The Dream Hoarders The Boston Review publishes an eye-opening, well-thought-out essay by Richard V Reeves about how the upper 20% of Americans – including conservatives and liberals – protects the privilege and advantages their kids inherit by birth.

Grace Jones: “God, I’m Scary. I’m Scaring Myself” In a 2010 article in The Guardian, Simon Hattenstone spends some time with Grace Jones as she prepares for a photo shoot.

How Do Food Manufacturers Calculate the Calorie Count of Packaged Foods? Prepare yourself for a quick, interesting explanation by a professor of nutrition in Scientific American.

Why Do Taxonomists Write the Meanest Obituaries?
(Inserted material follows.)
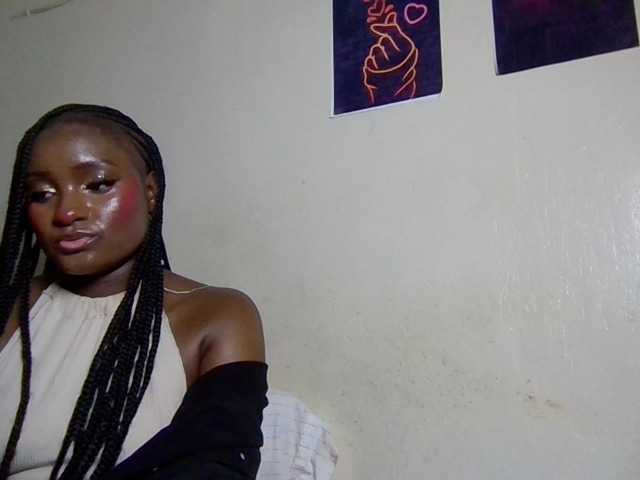 Kimzey live cam on BongaCams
In Nautilus, Ansel Payne writes about the unique, almost open-source international rules for describing and naming new species, rules that have allowed for prolific incompetents to run amok in the field.

Killer Robots: A New Reason to Worry About Ethics Patrick Lin speaks with a trio of philosophers who argue regardless of how technically proficient and flawless they may become, autonomous weapons could never be ethically deployed.

Would Your Dog Eat You if You Died? On Nat Geo’s Gory Details blog, Erika Engelhaupt writes about forensic cases of dogs scavenging their owners’ corpses when they died in their homes.

The End is Not Near JL Schellenberg writes about our tendency to think about the depth of time, but mostly only looking backward; we have a lot to master about looking forward into deep time.

“Hi, Dad” California Father Buries Wrong Man After Coroner Says His Son Is Dead Things got real fucked up for one family in Orange County.